Now we have our data, we can use the ROW_NUMBER() function to instruct SQL Server to return a result set in a certain order, adding a row number column in flight as it is produced.
The basic syntax of the ROW_NUMBER() function requires an ORDER BY clause which defines the order in which the row number column values are produced.
For example, let's see all the Books in BookAuthor, BookTitle, and BookEdition order:
SELECT ROW_NUMBER()OVER(ORDER BY BookAuthor, BookTitle, BookEdition)AS 'RowNumber', BookAuthor, BookTitle, BookEdition FROM dbo.Books ORDER BY BookAuthor, BookTitle, BookEdition
Notice that, should you wish, the ORDER BY clause for the main SELECT query can differ from the one contained as part of the ROW_NUMBER() function.Generally speaking, it's more intuitive and common to have the two ORDER BY clauses aligned.

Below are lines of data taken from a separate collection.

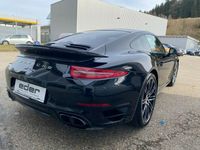 gebraucht Porsche 911 Carrera Coupé Turbo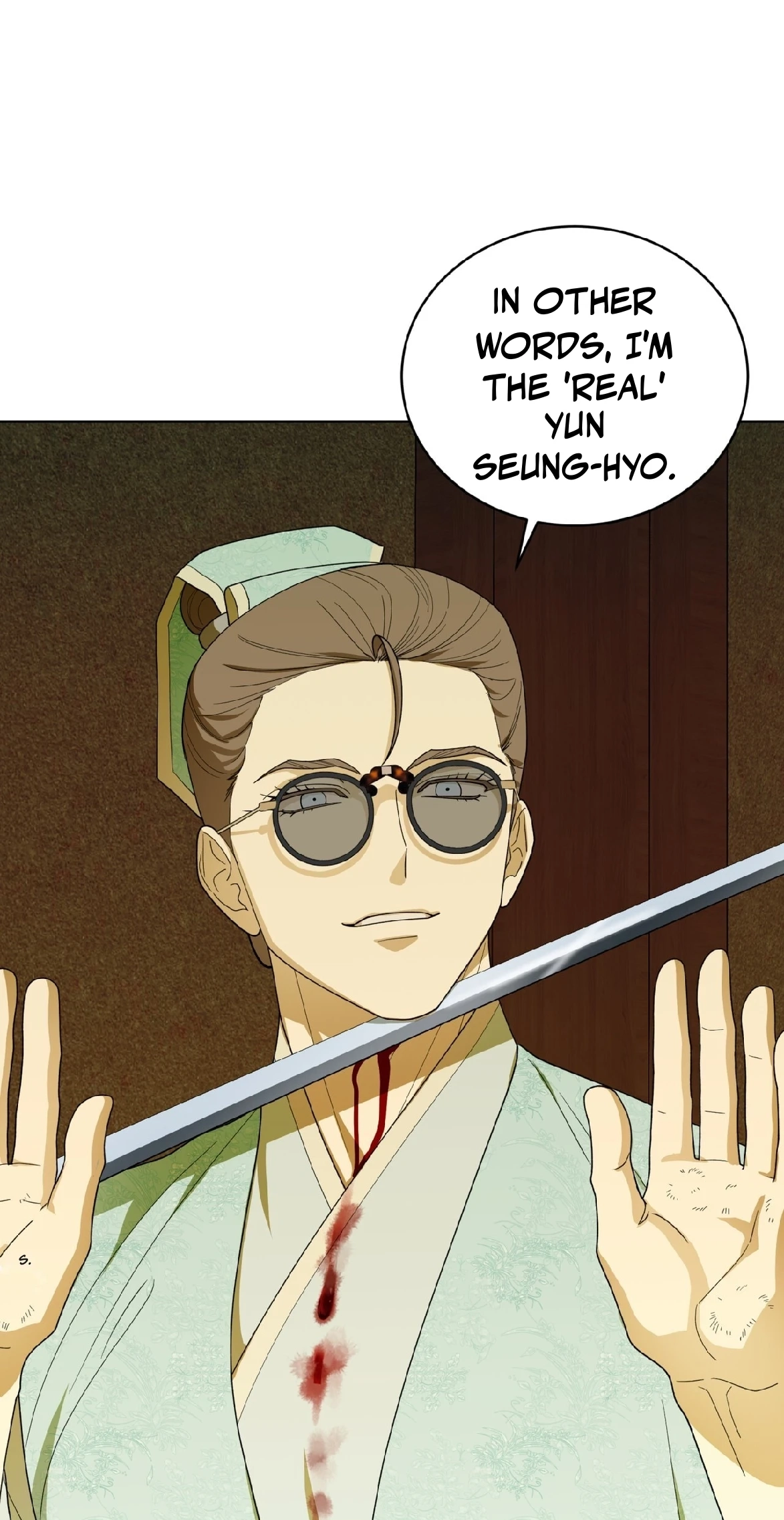 Read For a Thousand Autumns chapter 65 image 60 on Lezhin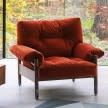 Tacchini Sella armchair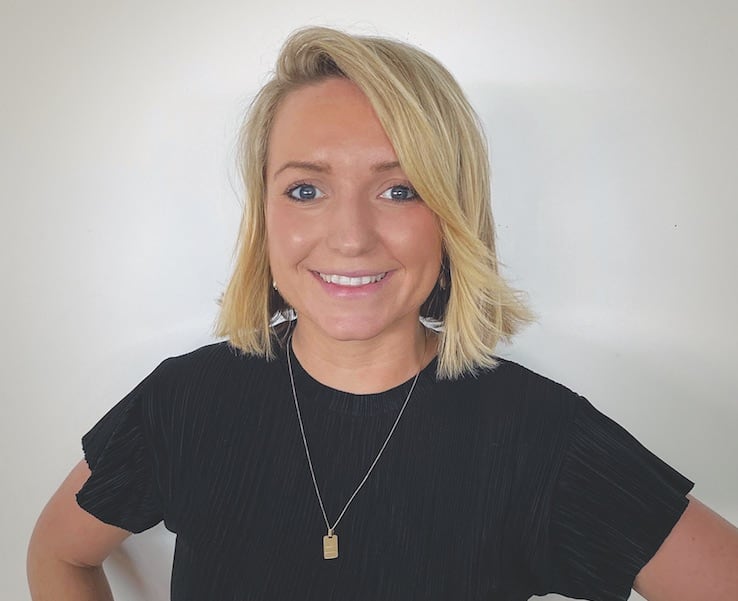 M&C Saatchi Sport & Entertainment appoints Krystyna Frassetto to head of comms role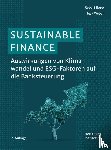 Bopp, Robert, Weber, Max - Sustainable Finance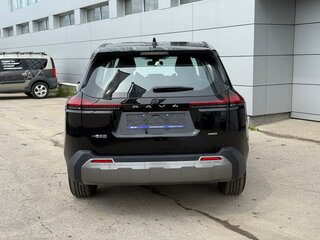 2026 Toyota RAV4 VI (XA60), чёрный, 4249000 рублей, вид 4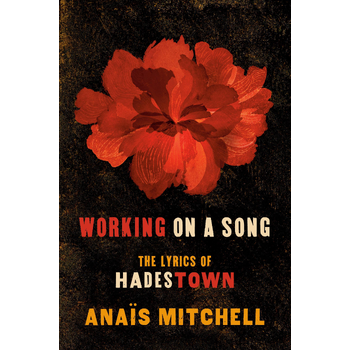 Working on a Song (Paperback) bij Singel 344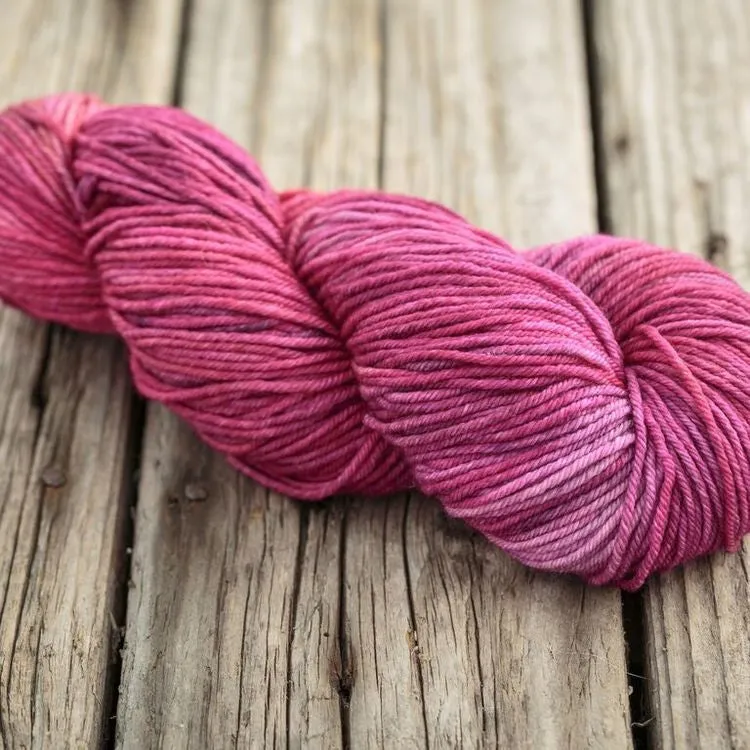 Fyberspates Vivacious DK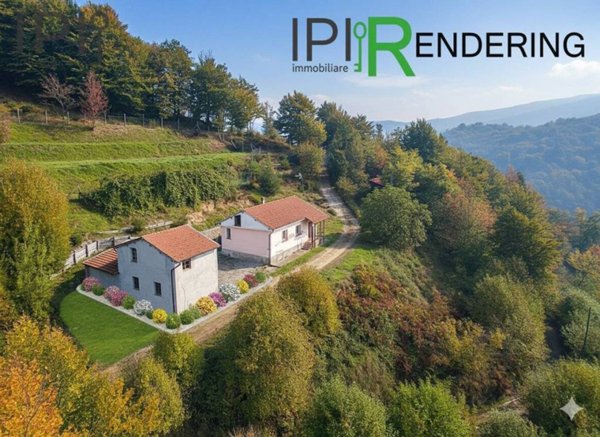 casa indipendente in vendita a Mallare in zona Eremita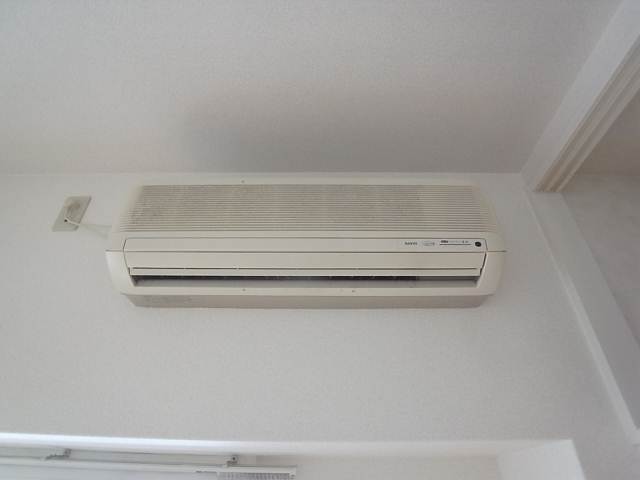 1年中快適です。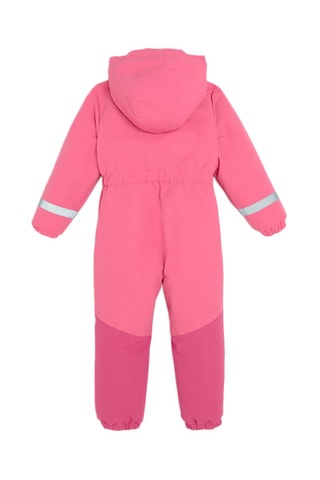 Combinaison de ski - Rose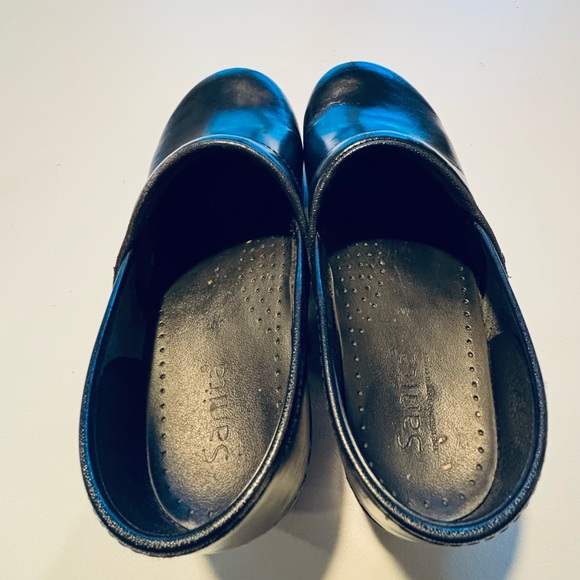 Sanita Professional Cabrio Women's Clog US 9 - Picture 5 of 6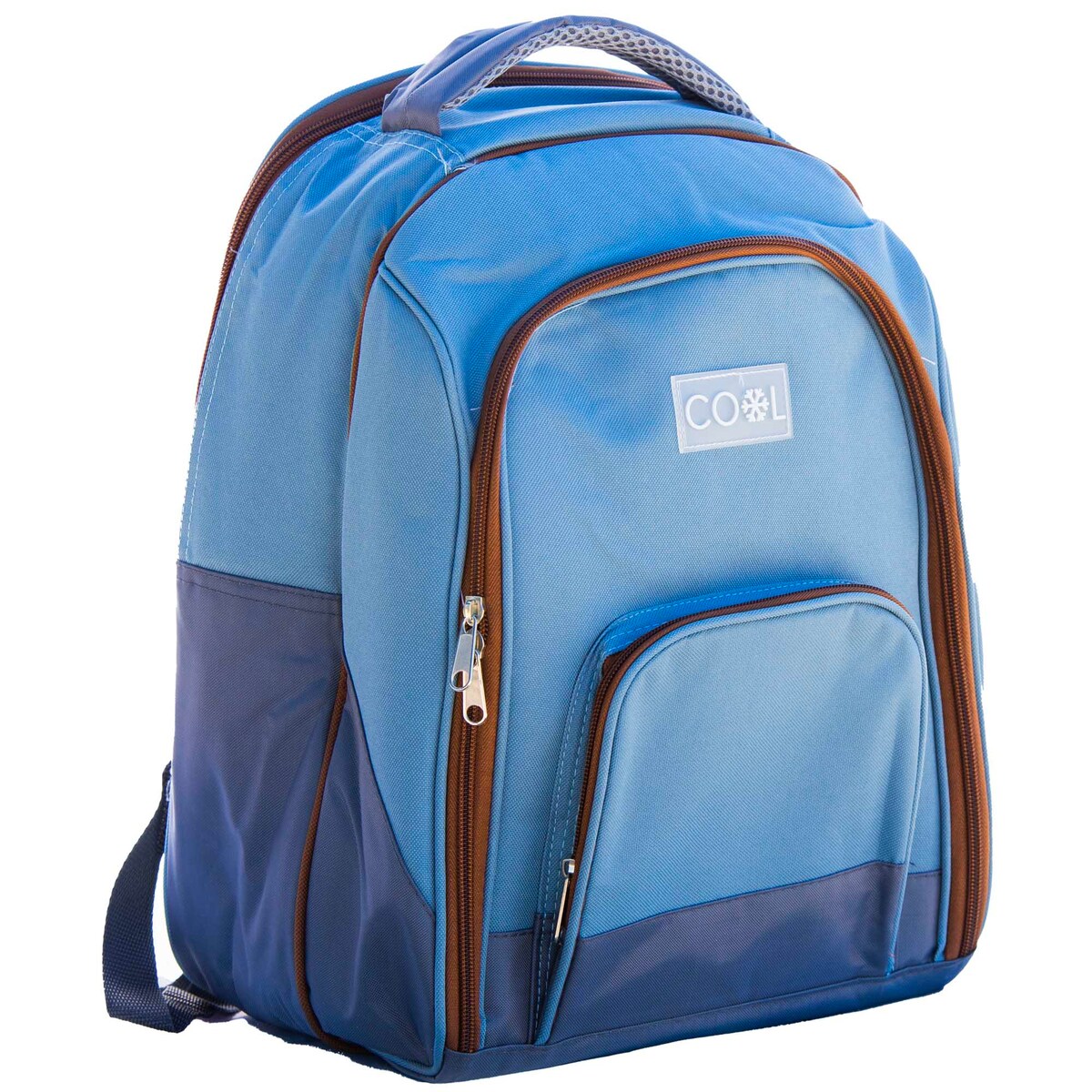 Plecak Termiczny Termoizolacyjny Torba Piknikowy Plażowy 12 Litrów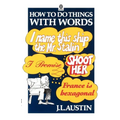 How to Do Things with Words The William James Lectures delivered in Harvard University in 1955 2/e - Paperback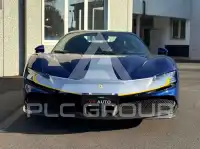 2021 Ferrari SF90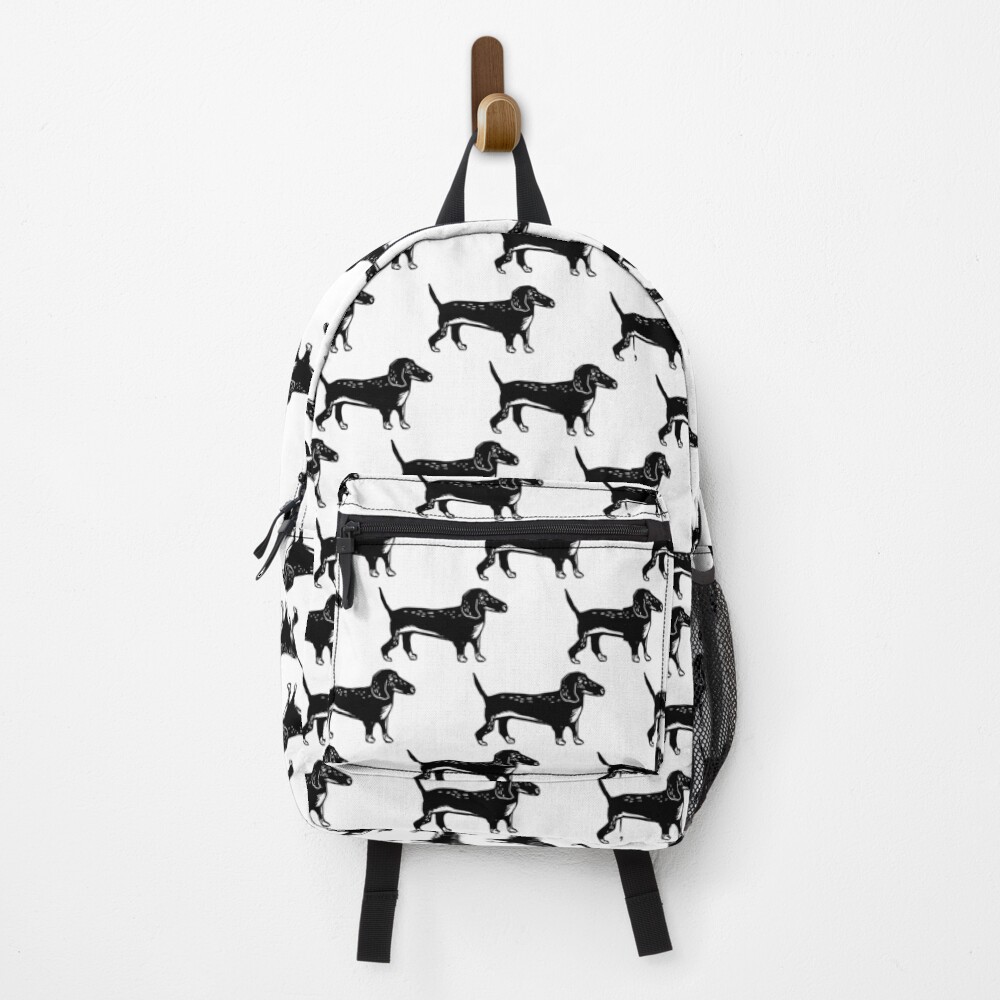 Item preview, Backpack designed and sold by CreativeDragon1.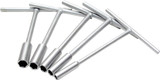 Motion Pro 08-0340 Mini-Pro T-Handle Set 5/Pk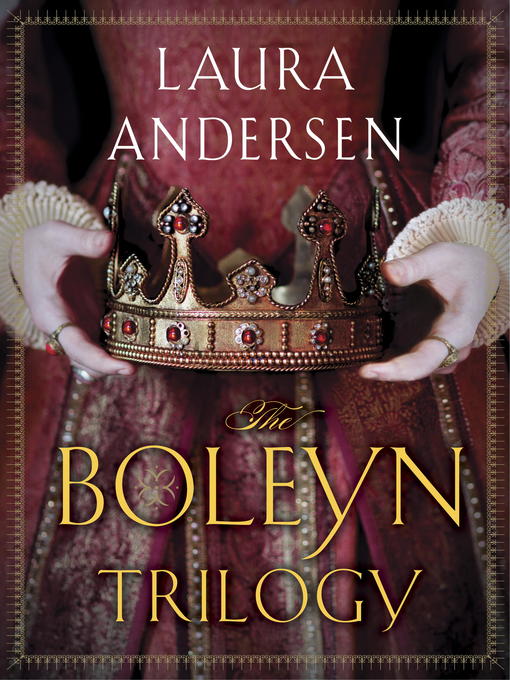 The Boleyn Trilogy 3-Book Bundle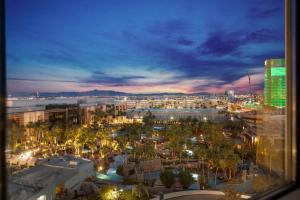Hidden Gem on LV Strip at Signature MGM Remodeled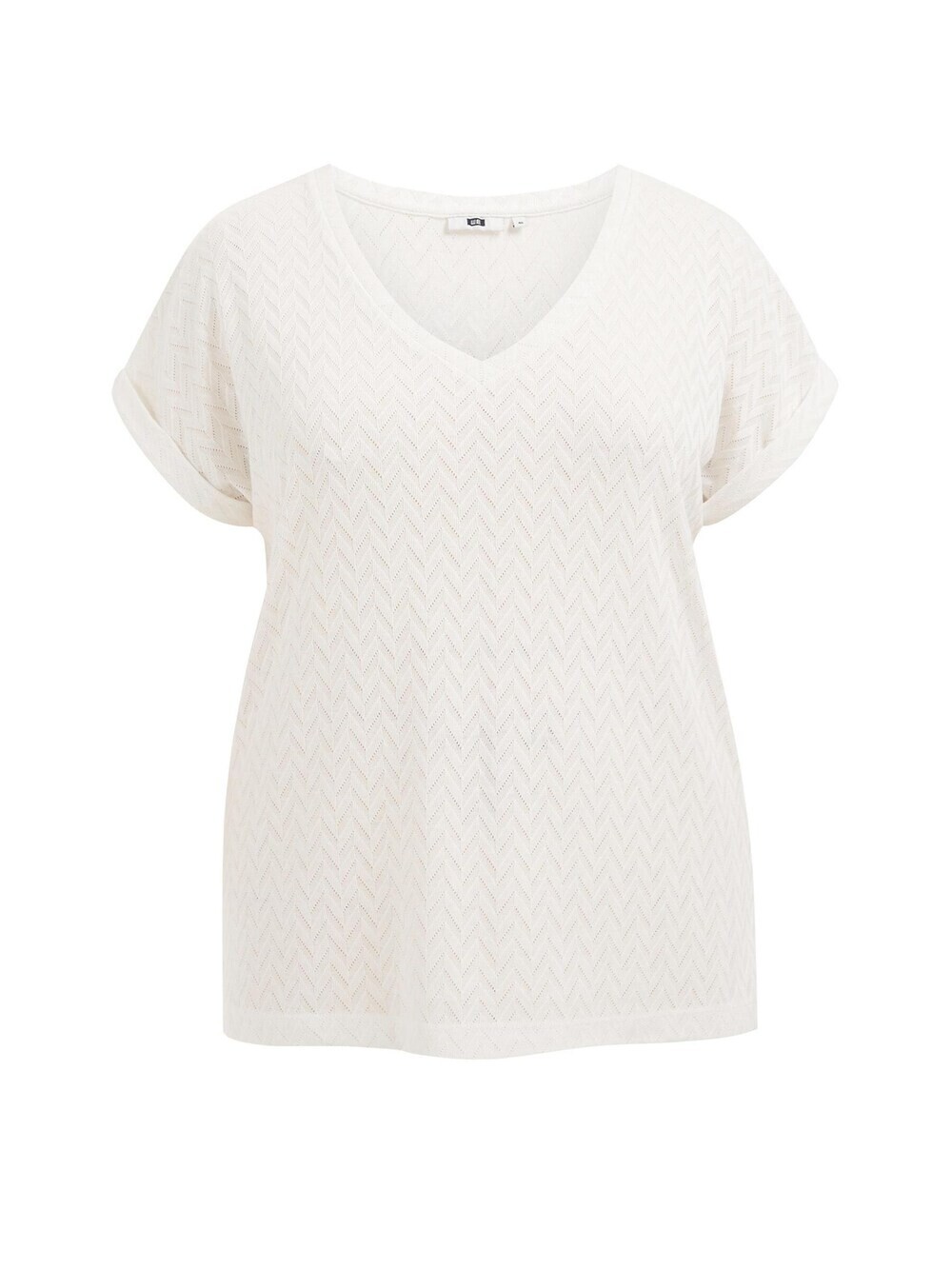 Рубашка WE Fashion, белый
Рубашка WE Fashion, белый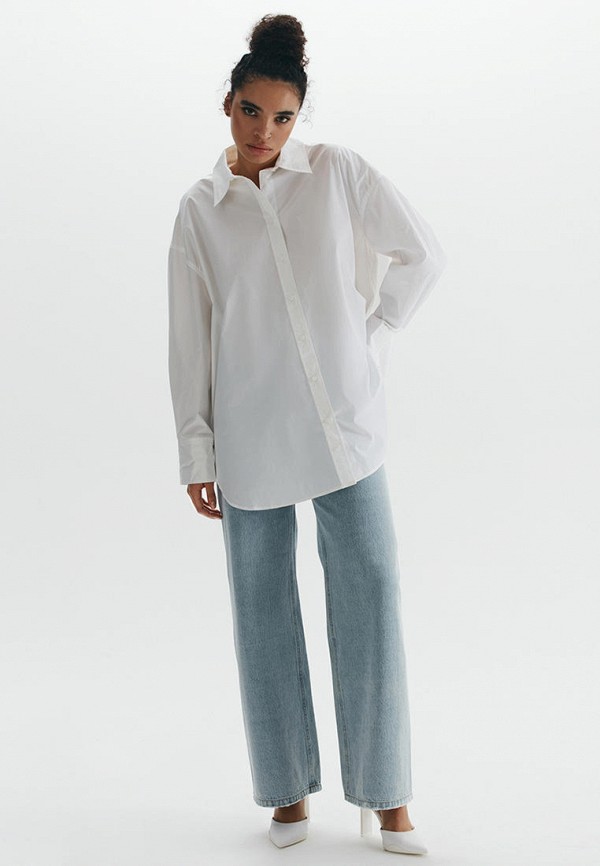 фото Рубашка love republic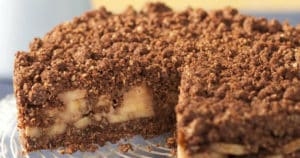 6 Recetas de Pastel de Plátano con Avena Light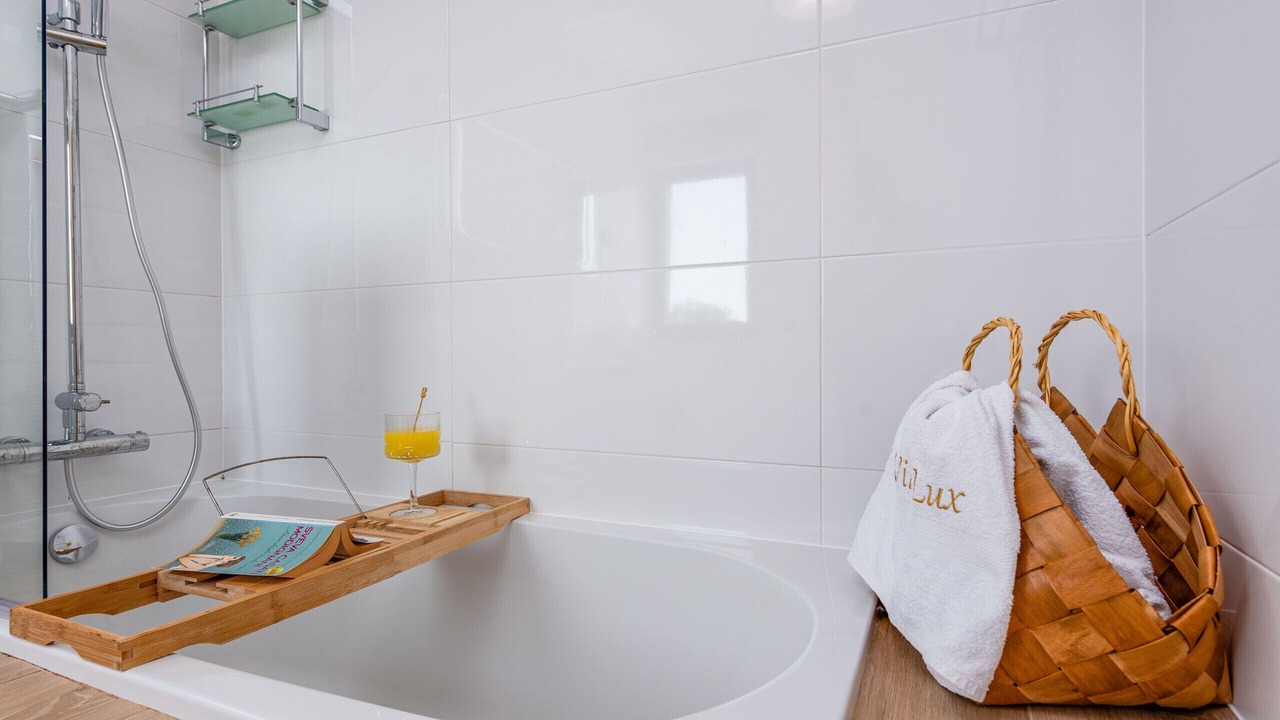 Photo of Bathroom in Zemunik Donji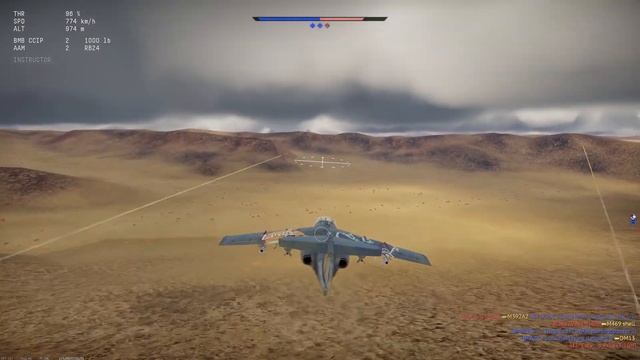 Perfect bomb delivery (War Thunder) смотреть онлайн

I don't want to spend too much more time covering this basic syntax, as the additional partitioning functionality supplied by the ROW_NUMBER() function is more interesting, but it is easy to see using this approach makes it straight-forward to build paging style functionality into reports.
Let's create a stored procedure that shows this:
IF OBJECT_ID('dbo.usp_ShowBooks') IS NOT NULL DROP PROCEDURE dbo.usp_ShowBooks GO CREATE PROCEDURE dbo.usp_ShowBooks @PageNumber INT, @PageSize INT AS BEGIN ;WITH BookCTE (RowNumber, BookAuthor, BookTitle, BookEdition) AS ( SELECT ROW_NUMBER()OVER (ORDER BY BookAuthor, BookTitle, BookEdition), BookAuthor, BookTitle, BookEdition FROM dbo.Books ) SELECT TOP (@PageSize) BookAuthor, BookTitle, BookEdition FROM BookCTE WHERE RowNumber>((@PageNumber-1)*@PageSize) ORDER BY BookAuthor, BookTitle, BookEdition END
One limitation of the column produced by the ROW_NUMBER() function is that it can't be used directly in the WHERE clause. It's simple enough to overcome this though, and here we use a CTE (Common Table Expression) as a convenient way of referencing the RowNumber column in the subsequent WHERE clause. We could have created an intermediary temporary table to do the same thing, but a CTE is nice and neat and self-contained.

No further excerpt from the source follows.